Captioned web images
::::::::

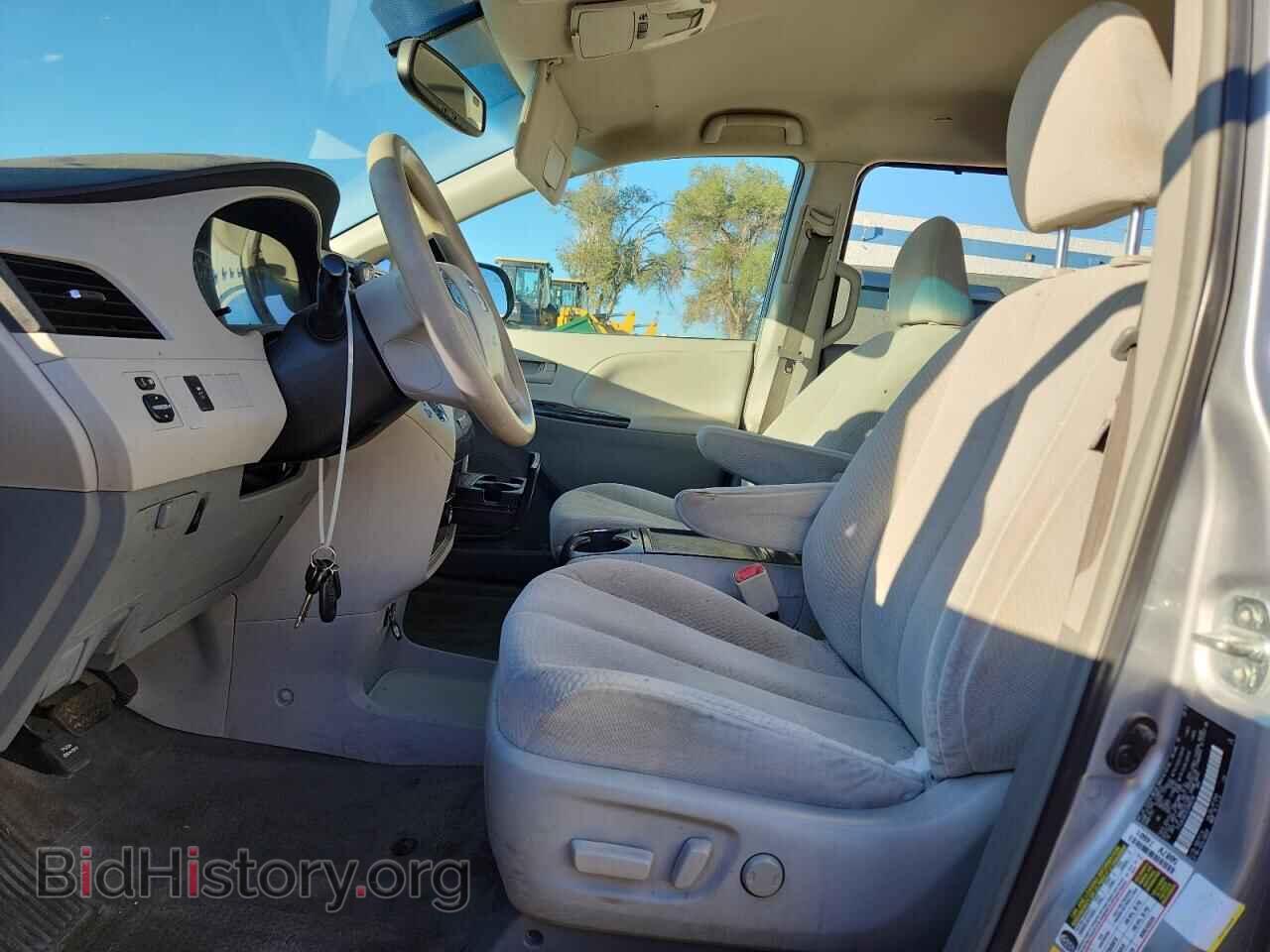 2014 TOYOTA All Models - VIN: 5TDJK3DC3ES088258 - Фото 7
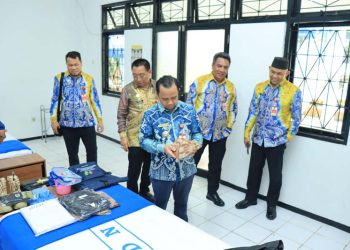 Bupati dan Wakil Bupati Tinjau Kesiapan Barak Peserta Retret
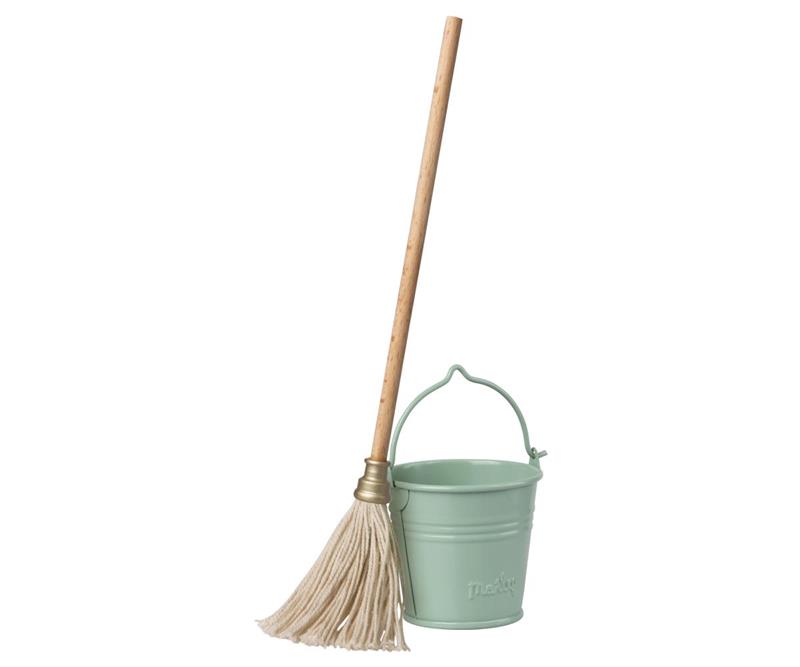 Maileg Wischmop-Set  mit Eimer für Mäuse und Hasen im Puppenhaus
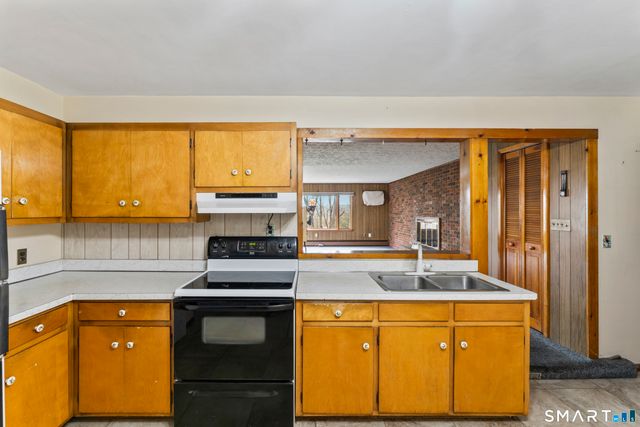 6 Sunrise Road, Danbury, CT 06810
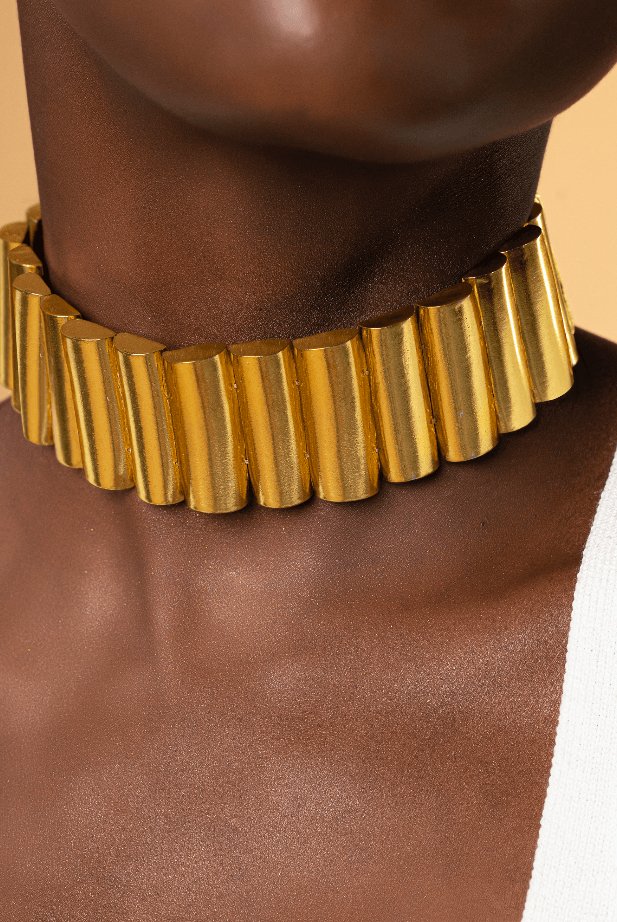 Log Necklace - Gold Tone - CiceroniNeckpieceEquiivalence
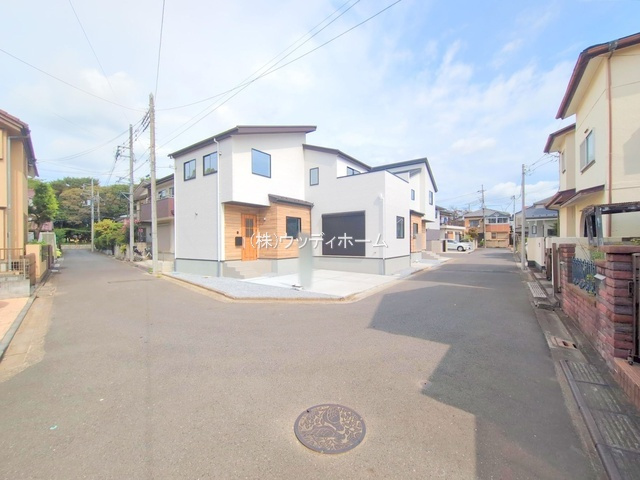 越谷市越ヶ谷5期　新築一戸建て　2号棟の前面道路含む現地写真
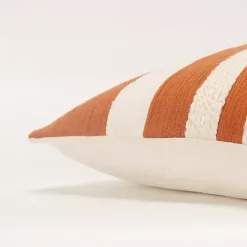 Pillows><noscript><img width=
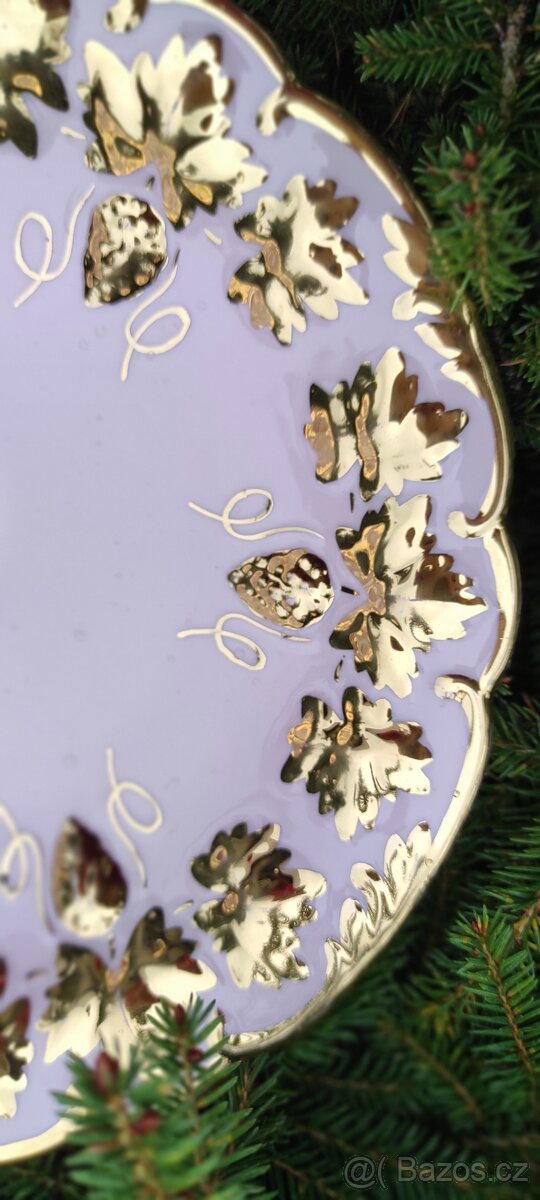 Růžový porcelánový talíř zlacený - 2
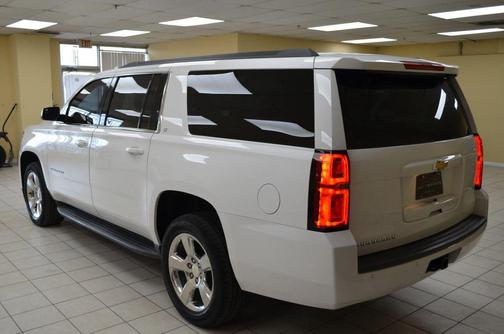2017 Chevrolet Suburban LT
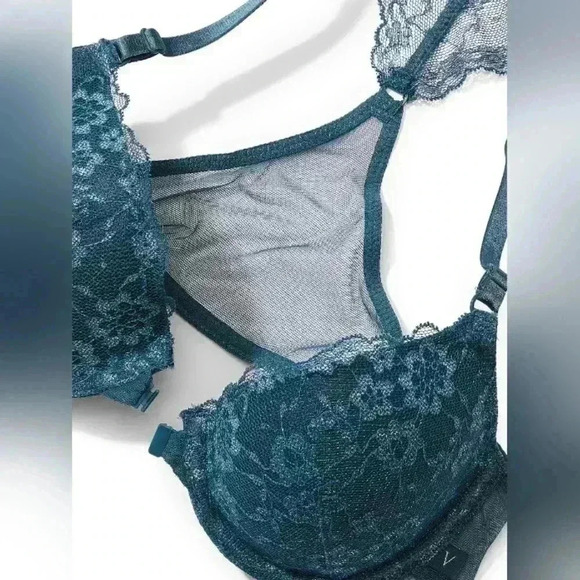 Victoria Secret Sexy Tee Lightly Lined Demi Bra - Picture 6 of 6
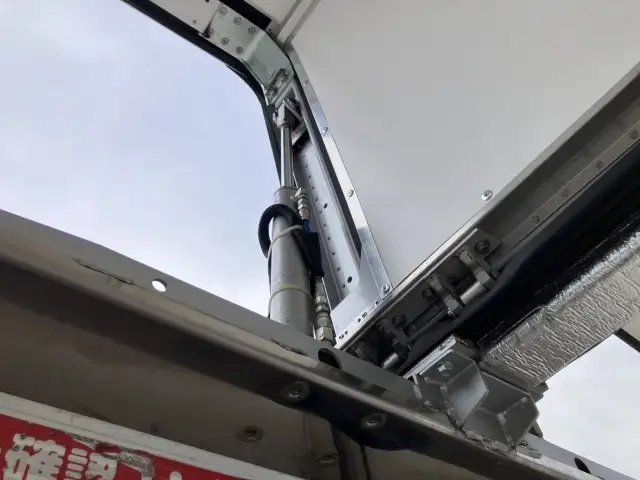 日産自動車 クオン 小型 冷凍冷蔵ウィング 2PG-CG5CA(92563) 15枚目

::::::::

INSTRUCTIONS FOR THE TASK: What is wanted is an exact copy of the lines from the line with "2017 Chevrolet Suburban LT" through the end of the records, both ends included, pictures excluded.

ANSWER SECTION:
2017 Chevrolet Suburban LT
 Victoria Secret Sexy Tee Lightly Lined Demi Bra - Picture 6 of 6
 日産自動車 クオン 小型 冷凍冷蔵ウィング 2PG-CG5CA(92563) 15枚目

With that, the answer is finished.